Old fashioned social housing was originally to support the majority of working people with decent homes at a low rent, for the long term, in stable communities. Indeed, right at the beginning social housing was reserved for those working and often working on better incomes than the average.
It became a tenure in which we housed the poorest and most vulnerable who could not afford the housing they needed in the market. It provided for them a long-term home and the chance to build a life in a community.
In both cases, there was a clear rationale for what social housing was for, even if the latter did not succeed always in creating the prosperous or sustainable communities.
‘Affordable Rent’ is at an intermediate rent level, but the government still say it is for the poorest and those in need on council waiting lists.
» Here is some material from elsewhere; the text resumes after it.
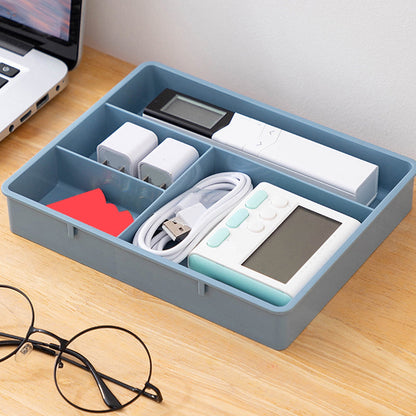 Four Grid Storage Box Plastic Drawer Dividers Flatware Tray Pen Holder Tray Plastic Tray Makeup Tray Plastic V1189-LWWAL-20260401-05170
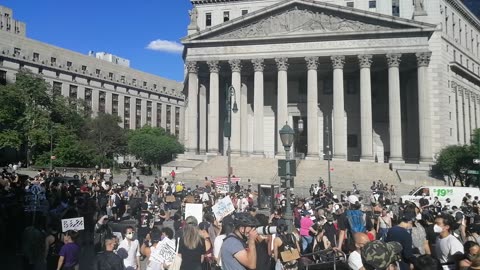 Protest New York City Manhattan City Hall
It can only do this job however once combined with housing benefit to make up for the higher rents which the poorest can’t afford.
But even then, housing benefit will not cover the new higher rents in many places. So housing associations want to pitch the homes higher up the income chain, to those working on low to medium incomes.
So is it more accurate to say that this is a sub-market rent for working families in stable communities, as traditional social housing was? That is, it is not the option for the poorest.
Well, not really. It will force many working people on to housing benefit when in the past, the low rents of social housing kept them out of benefit dependency. And the government’s tenure reforms (fixed-term and when your ‘need’ ends you move out) makes affordable rent more like a safety net only for the most vulnerable in certain circumstances.
I can only see that the purpose of this ‘affordable rent’ product is to help the government keep up affordable housing stats. Who in the real world is it designed to help? It’ll help some people depending how housing associations use it and any new homes are needed, but it hasn’t been designed with any family, household or ‘end user’ in mind.